A month on, voters handed a majority to his party, a party that didn’t even exist sixteen months ago. While that majority wasn’t quite as huge as had been projected, it was nonetheless massive: his party, La République En Marche, took 319 out of 577 seats, a healthy majority; with its ally the Mouvement Démocratique, it controls 361.


Macron has the majority he needed
Two rival parties had dominated French politics for decades. The Conservative Républicains were reduced to 125 seats but the humiliation of the Socialist Party was more severe still, as it lost more than 200 seats, leaving it a rump with just 32.

In keeping with this mould-breaking, practically revolutionary change, most of Macron’s candidates were as fresh to politics as he was. The new MPs are academics or journalists or local activists – or in one notable case, a former bullfighter.

It’s hard to imagine a result that speaks more strongly of a thirst for change. France wants to renew its politics, breaking with the parties ruled the roost so long, and even with the people that ran them.

And yet, and yet. Only 43% of the electorate cast its votes, an exceptionally low turnout. Macron certainly won among the votes cast, and technically won because he’s emerged with the parliamentary majority he needed, but the popular majority went to those who sat on their hands.

Now my wife and I are French citizens. We gave up three hours on a Sunday some weeks ago, including an hour and a half in a queue that snaked around an entire block, to ensure Macron won the presidency. But there was urgency then: there was still a small chance that Marine le Pen might beat him from the far right.

This time we didn’t go, and not just out of laziness. There wasn’t the same pressure. It seemed a foregone conclusion that Macron would have his majority. Many others may have felt the same way as we did, which may account for the poor turnout.

That would feel like a possibly adequate explanation, were it not for one disturbing recent precedent: the British General Election.

That election was profoundly different from what happened in France. Far from seeing a new party come to power, it left the two main parties sharing a total of nearly 26 million votes, an unprecedented level, applying a debilitating squeeze on any minor parties. There’s nothing new or mould-breaking there – on the contrary, it’s a return to the post-World War 2 normality.

On the other hand, the only leader who improved his position in the election was Jeremy Corbyn at the head of the Labour Party.

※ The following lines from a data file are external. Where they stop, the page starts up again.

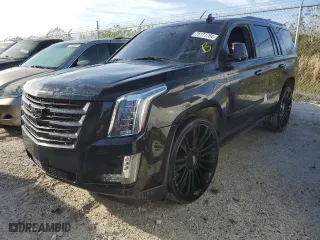 2018 Cadillac Escalade Platinum with VIN 1GYS3DKJ3JR318408, listed as a Copart auction lot 76171764 with 0 mi miles and Non Repairable. Bid and sale history available at carsss.com. Image 1.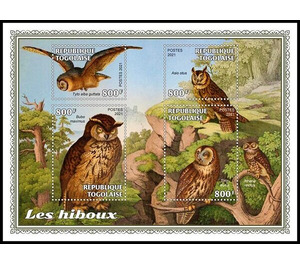 Various Owls - West Africa / Togo 2021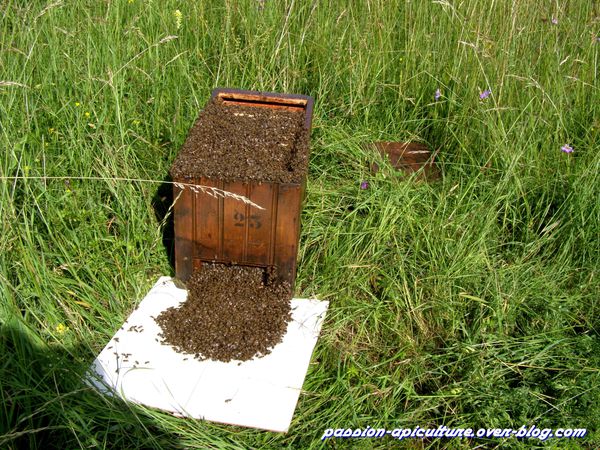 Essaim d'abeilles 2012 (6)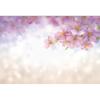 Frühlingsrosa Blumen Hintergrund Glitzer Licht Bokeh Floral Kirschblüte Neugeborenes Baby Porträt Fotografie Hintergrund Fotostudio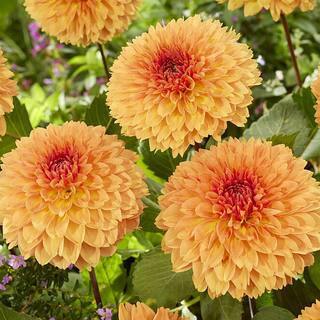 VAN ZYVERDEN Dahlias Orange Impact (Set  of 5 Bulbs) 84506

He presided over the biggest increase in Labour’s vote share since World War 2. He’s hardly a new man – he’s been a Member of Parliament for 34 years – but he represents a more radical kind of politics and, above all, a rejection of the austerity economics that has been the orthodoxy of government and business since 2010.

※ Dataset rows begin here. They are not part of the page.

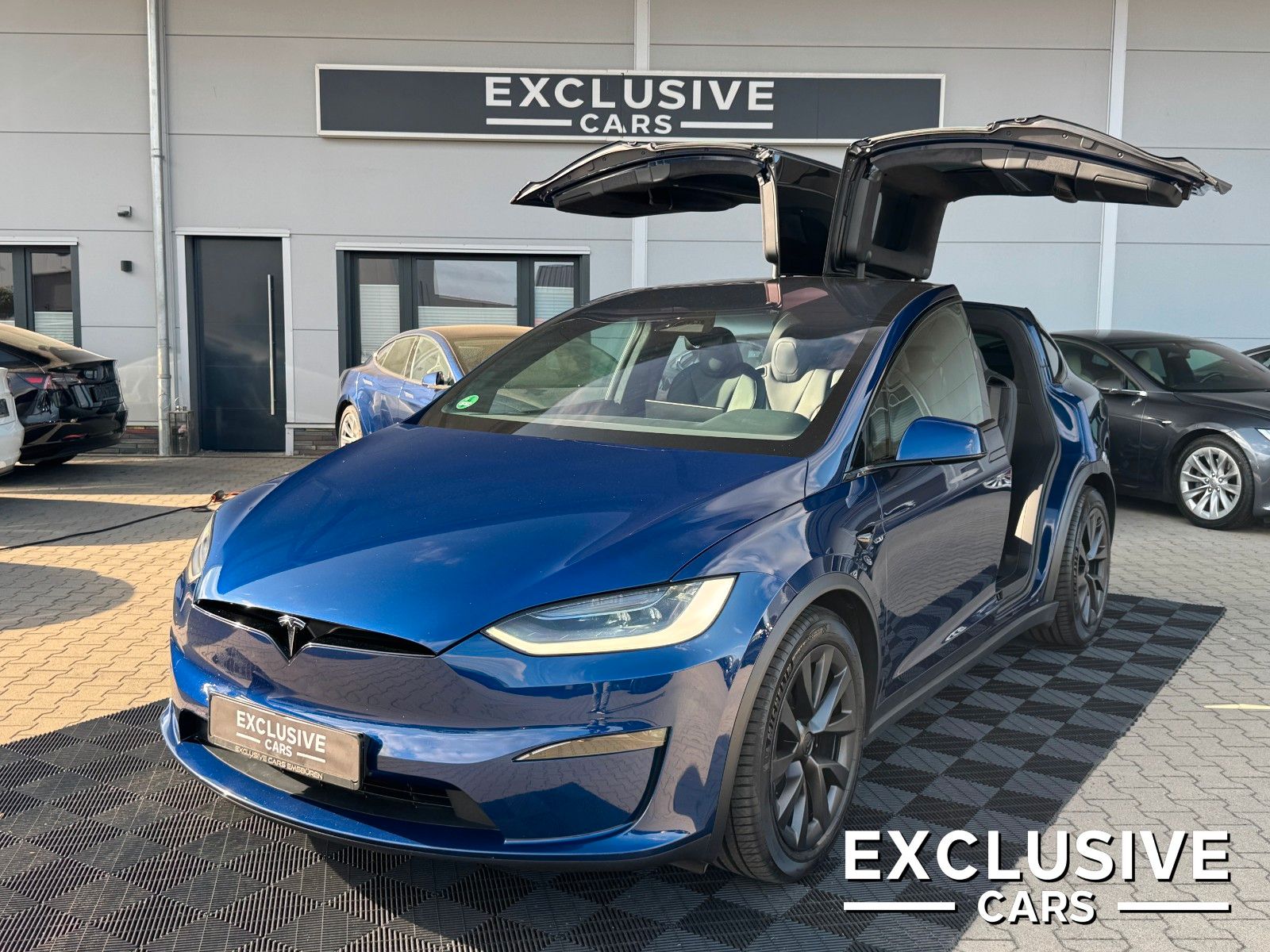 Tesla MODEL X PALLADIUM | FULL SELF DRIVE| HW4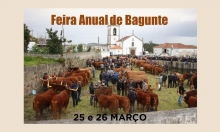Feira Anual de Bagunte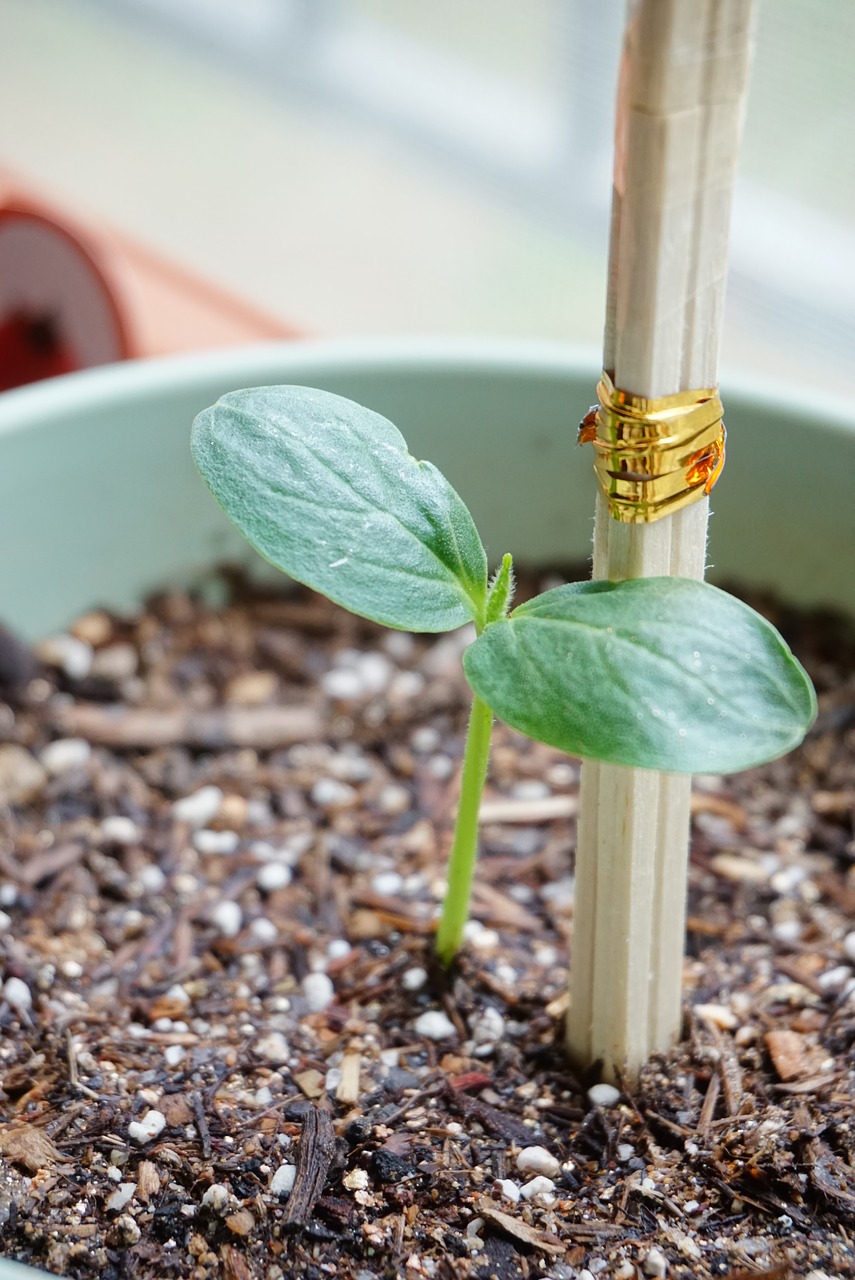 Image - cucumber bud potted plant support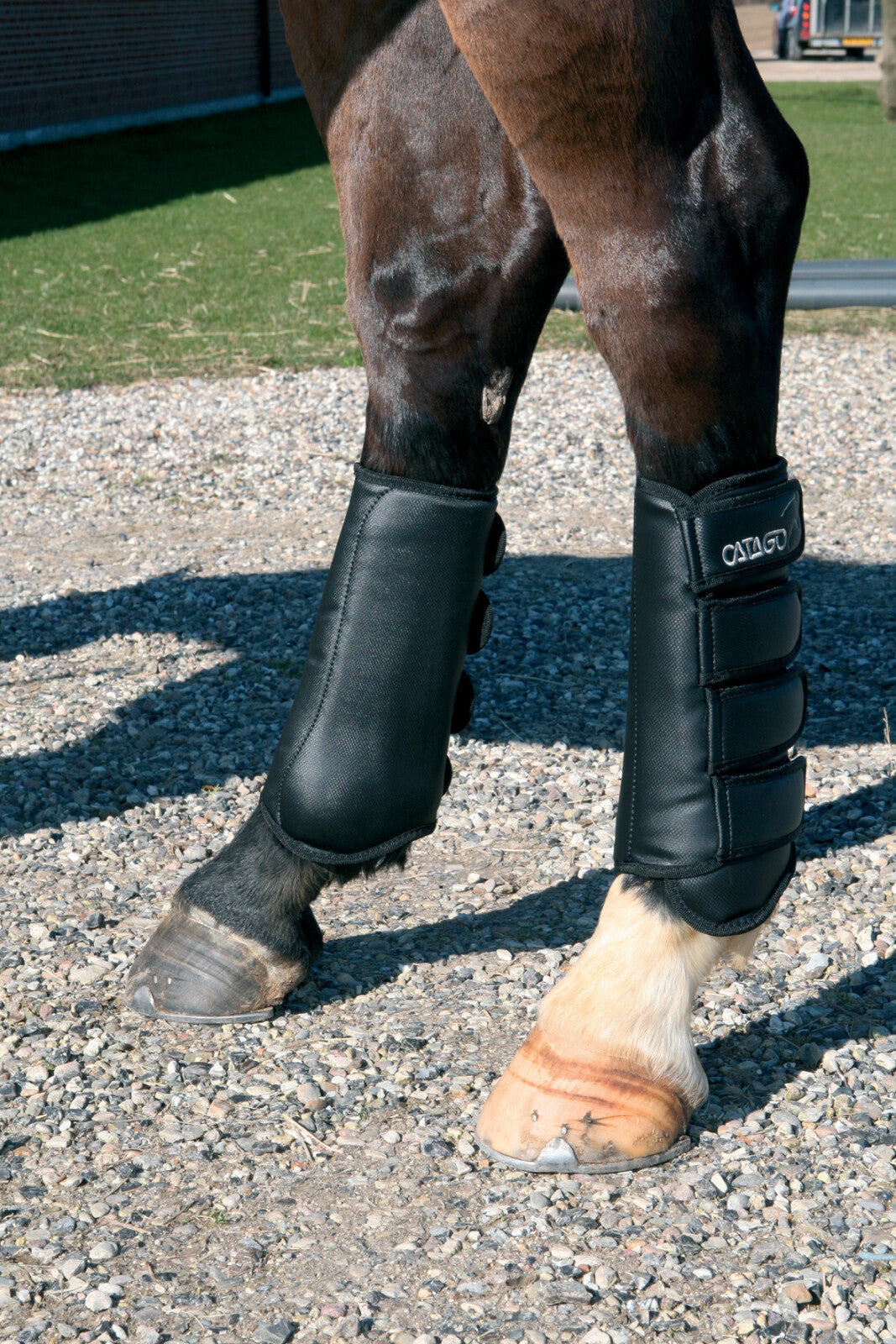 CATAGO Dressage boots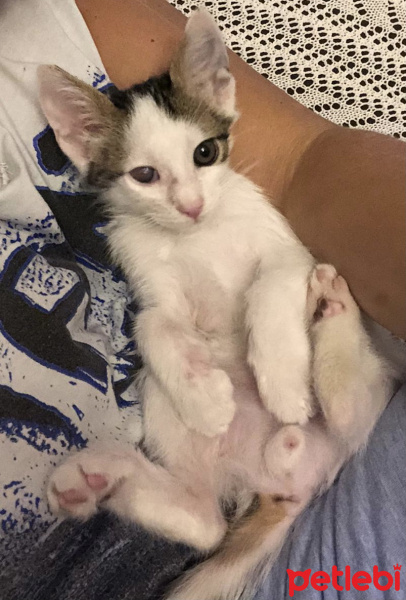 Tekir Kedi, Kedi  Kılçık fotoğrafı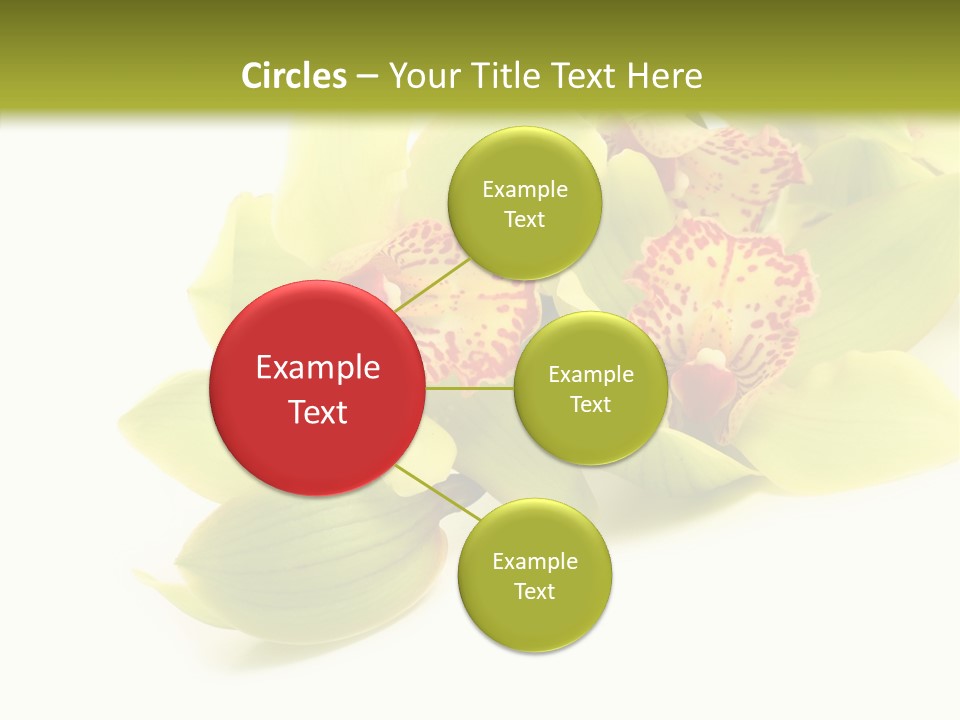 Di Cu Ion Itting Toon PowerPoint Template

Paradoxically, in a reversion to the old, the election in Britain therefore also suggested a hankering for something new. In the same way as in France. And that takes us to the other key similarity of the two countries.

However much he may have advanced, Corbyn didn’t win. Theresa May’s Conservatives topped the poll; Labour came second. Neither won a majority: May had one but lost it at this very election, when her aim was to extend it. Corbyn advanced but nothing like far enough.

May came first but the electorate refused her the mandate she wanted. I’ve argued before that this was a case of choosing “none of the above”. Now that a majority of the French seem to have made the same choice, don’t we have to conclude that alongside the hankering for something different, there is also a terrible lassitude, a paralysing indifference emerging in our electorates?

Now we have to see what gets built on these foundations. Macron needs to deliver on his promises. Corbyn needs to win next time.

Then we’ll see whether the thirst for change prevails, leading where we might hope, or whether the rejection of all politics wins the day – and opens the door to something far worse.